=== SUPPLIED DATA ===

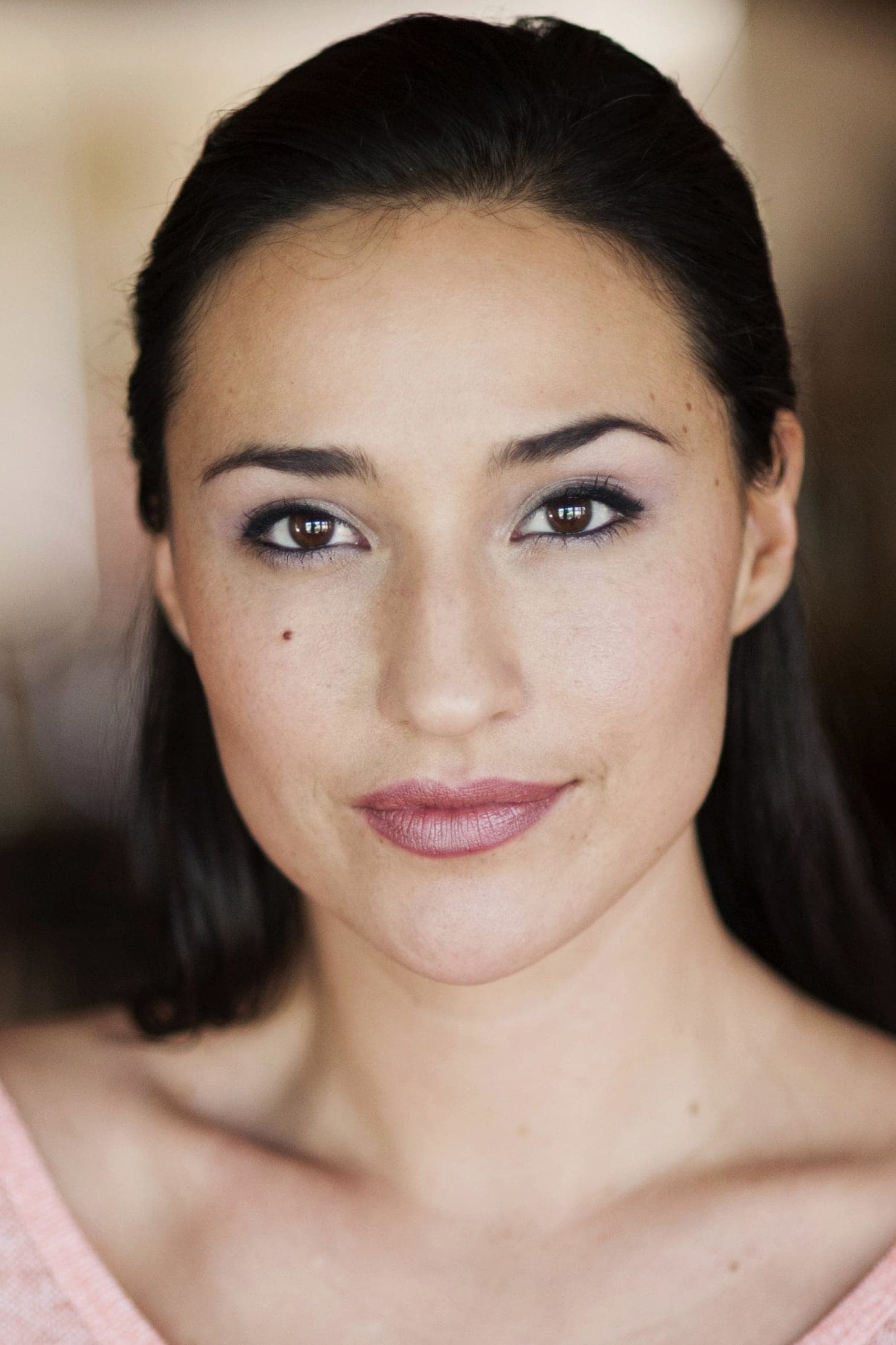 تصویر هنرمند Monique Candelaria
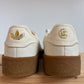 Adidas Gazelle Crepe CLOT By Edison Chen Crew White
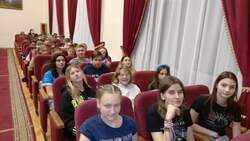 12 школьников из Валуйского городского округа отправились в ставропольские санатории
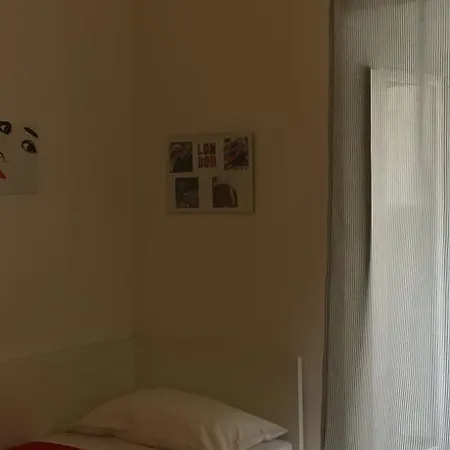 בית נופש Saint Peter Place *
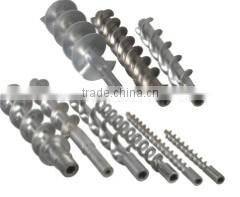 CE High-Quality Single Screw Extrusion Machinery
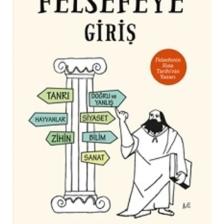 Felsefeye Giriş Nigel Warburton - Nigel Warburton
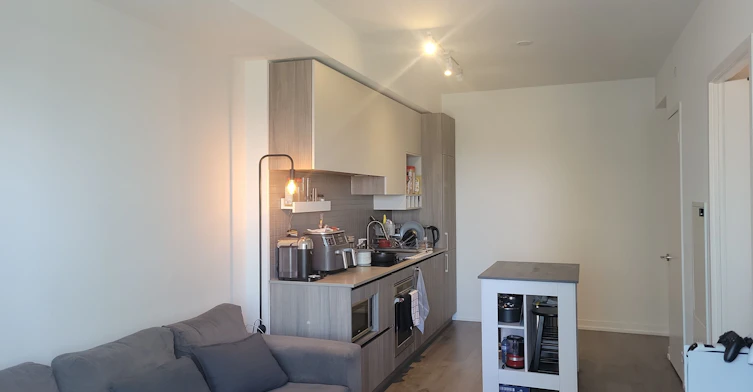 4910-950 Portage Parkway, Vaughan, ON, L4K 0J7 - 12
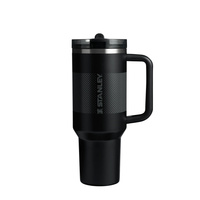 Stanley Quencher ProTour Flip Straw 1.18 L Black Fade Thermal Mug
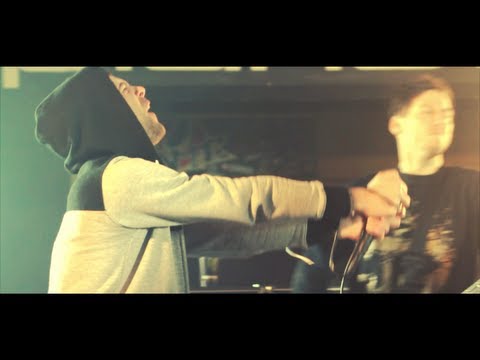 Awaken Demons - "Phoenix" Siege Of Amida Records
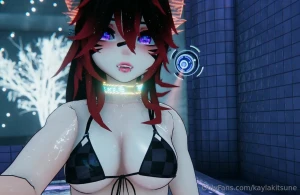 We met our hot tub stream goal on twitch see you guys tonight as long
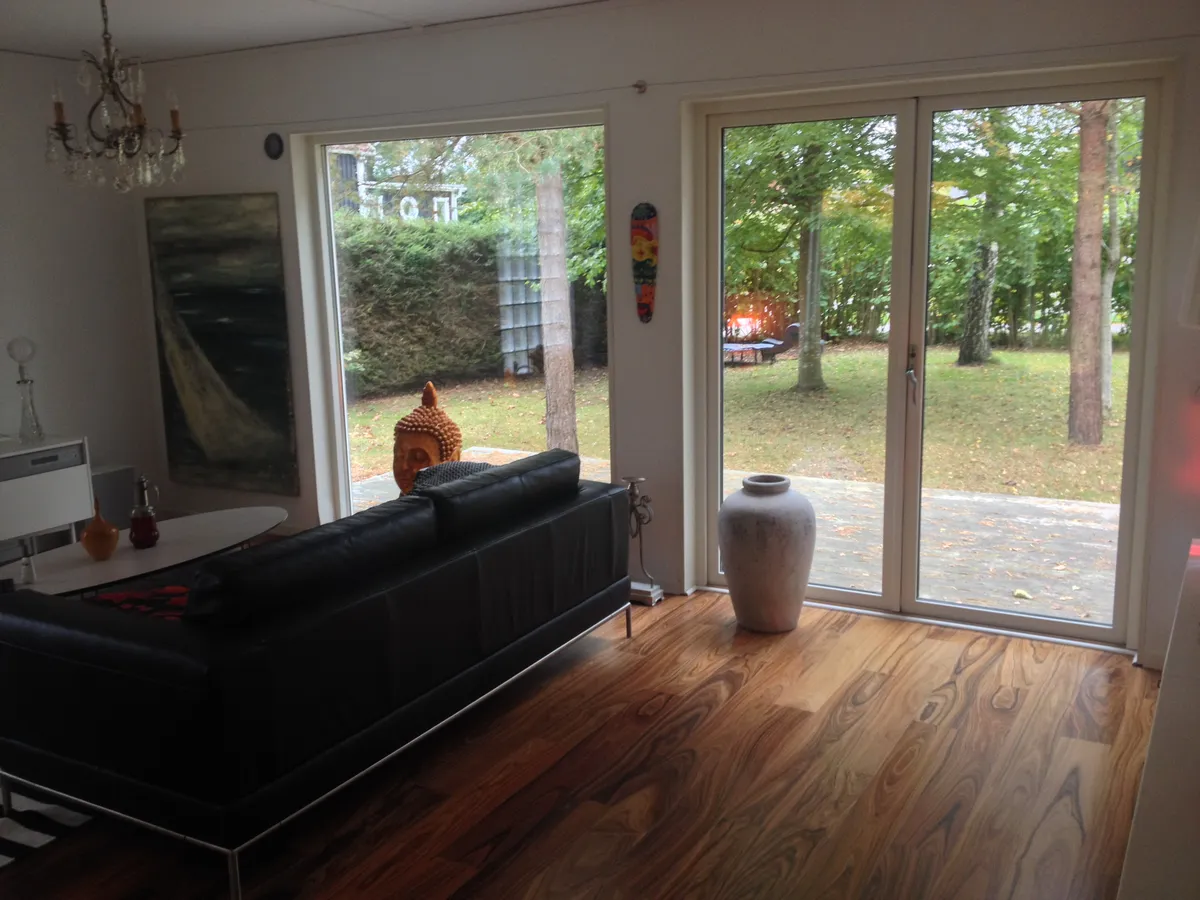 Hyresbostad på Älmhult i almhult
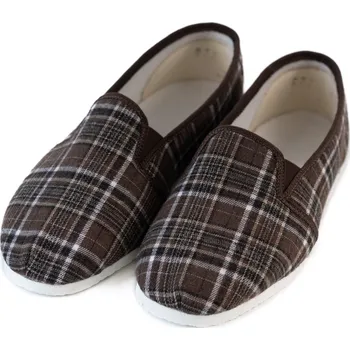 Pánská obuv Pánské bačkory model 072 Velikost: 50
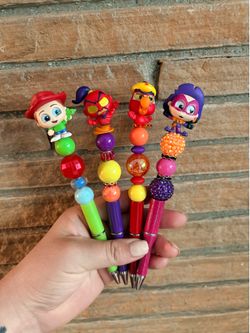 Doorable Beadeble Pens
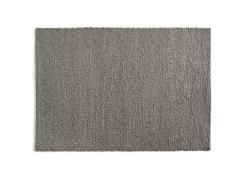 HAY - Peas Rug 170x240 Medium Grey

===

» AIM OF THE TASK: Omit every picture, and please return the entries exactly from the first line through the line with "4910-950 Portage Parkway, Vaughan, ON, L4K", both included.

» OUTPUT BELOW:
 تصویر هنرمند Monique Candelaria
 Adidas Gazelle Crepe CLOT By Edison Chen Crew White
 12 школьников из Валуйского городского округа отправились в ставропольские санатории
 בית נופש Saint Peter Place *
 CE High-Quality Single Screw Extrusion Machinery
 Felsefeye Giriş Nigel Warburton - Nigel Warburton
 4910-950 Portage Parkway, Vaughan, ON, L4K 0J7 - 12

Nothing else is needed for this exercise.